Safety

I often hear from Sydney home owners that their hot water is not hot enough. Don’t get me wrong, I love a steaming hot shower like the rest of us but legal temperatures are something to take very seriously.  A large part of your family’s safety revolves around hot water within your home. It is critical to identify the potential hot water hazards in your home.

Risks

If the hot water within your home is too hot, you leave your family at risk of scalding. Scalding is serious and the burns associated can cause permanent damage or even permanent disabilities.

Hot water can also cause shock and, in some cases, lead to death.

So hot water temperature control is extremely important.

Did You Know

  • At 60 ºC, it takes one second for hot water to cause third-degree burns.
  • At 55 ºC, it takes 10 seconds for hot water to cause third-degree burns.
  • At 50 ºC, it takes five minutes for hot water to cause third-degree burns.
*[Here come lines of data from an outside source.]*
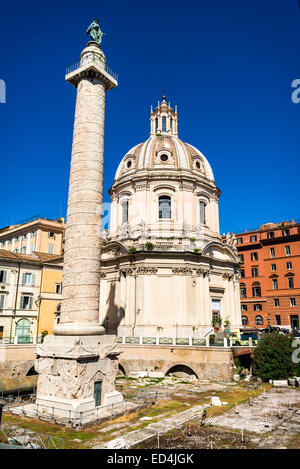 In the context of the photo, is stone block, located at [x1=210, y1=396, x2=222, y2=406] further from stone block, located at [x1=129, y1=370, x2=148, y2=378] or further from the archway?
stone block, located at [x1=129, y1=370, x2=148, y2=378]

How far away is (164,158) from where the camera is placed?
41.6 metres

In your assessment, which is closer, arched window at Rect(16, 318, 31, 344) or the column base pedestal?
the column base pedestal

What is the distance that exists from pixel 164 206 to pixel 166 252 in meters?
6.92

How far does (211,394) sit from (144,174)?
24.9 metres

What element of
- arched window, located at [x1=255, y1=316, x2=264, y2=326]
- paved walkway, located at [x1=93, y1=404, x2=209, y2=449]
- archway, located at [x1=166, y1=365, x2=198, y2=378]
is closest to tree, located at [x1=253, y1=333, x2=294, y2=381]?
archway, located at [x1=166, y1=365, x2=198, y2=378]

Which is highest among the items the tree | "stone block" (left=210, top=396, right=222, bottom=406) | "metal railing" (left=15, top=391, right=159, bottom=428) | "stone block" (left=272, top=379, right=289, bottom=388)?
the tree

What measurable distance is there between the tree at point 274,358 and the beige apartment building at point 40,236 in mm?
34374

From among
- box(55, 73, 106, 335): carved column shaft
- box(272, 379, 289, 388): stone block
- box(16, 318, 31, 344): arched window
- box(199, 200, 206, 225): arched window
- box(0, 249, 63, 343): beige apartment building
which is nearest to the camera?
box(55, 73, 106, 335): carved column shaft

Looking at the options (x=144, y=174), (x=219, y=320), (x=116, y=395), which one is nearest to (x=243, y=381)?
(x=116, y=395)

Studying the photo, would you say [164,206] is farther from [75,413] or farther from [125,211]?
[75,413]

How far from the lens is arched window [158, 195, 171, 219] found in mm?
39781

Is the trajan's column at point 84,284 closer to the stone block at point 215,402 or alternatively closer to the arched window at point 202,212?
the stone block at point 215,402

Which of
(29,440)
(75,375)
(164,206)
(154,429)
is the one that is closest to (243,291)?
(164,206)

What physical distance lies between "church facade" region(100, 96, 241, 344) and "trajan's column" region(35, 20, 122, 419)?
12663 millimetres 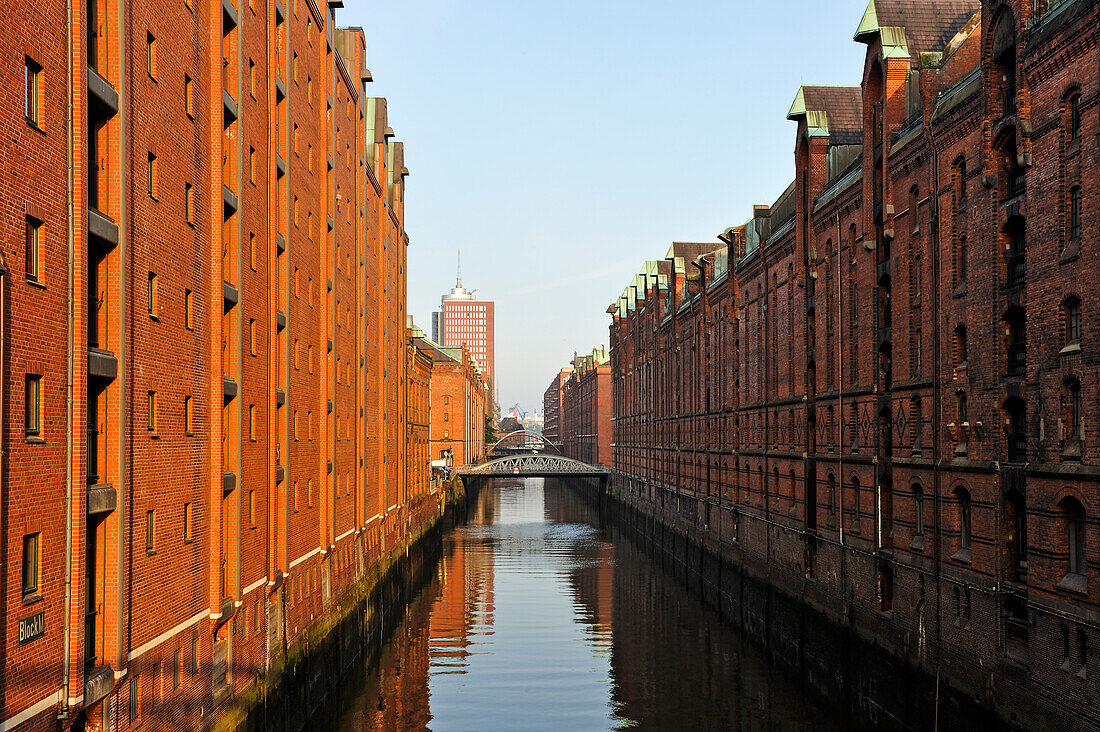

Remember that the maximum bathing temperature recommended for young children is between 37 ºC and 38 ºC, so cold water still needs to be mixed with water from the hot tap.

How hot can I have my hot water?

Pre-1998 storage hot water heaters were flowing out with hot water temperatures in excess of 70 ºC , which was great for those steamy showers but also extremely dangerous.

In 1998, Australian Plumbing Standards introduced a law that stated the hot water temperature had to be regulated to 50 ºC within the family home. It is illegal not have a tempering valve fitted and it is the plumbers legal obligation to install one when fitting a new hot water heater.

In health care facilities such as childcare, retirement homes, and hospitals, the law asks us to go a little further and install a serviceable valve called a TMV (which stands for Thermostatic Mixing Valve.)

In these facilities, the water cannot not exceed 42.5ºC. These valves are required to be tested once a year by a licensed plumber and Sydney water will required proof of testing, as well as reminding you of your obligation to test the valves.

Things to check for hot water safety

If what you have read above has worried you, don’t be alarmed, there are things you can do to help prevent injury within your home.

Simply purchase a thermometer, or you may already have one in the kitchen, and test your hot water in your bathroom. If the temperature exceeds 50 ºC, action is required.  You will need to contact your local plumber to install a tempering valve for your whole home or just for the hot water within your bathrooms.

Please be mindful that your tempering valve has a lifespan of 5 years, so ask the plumber to date when it was installed on your heater along with the temperature it is set at.

You should test the hot water yearly at the closest point for the correct temperature. If it’s too hot, the tempering valve has failed and requires adjusting. Or, if it’s older than 5 years, it requires to replacement.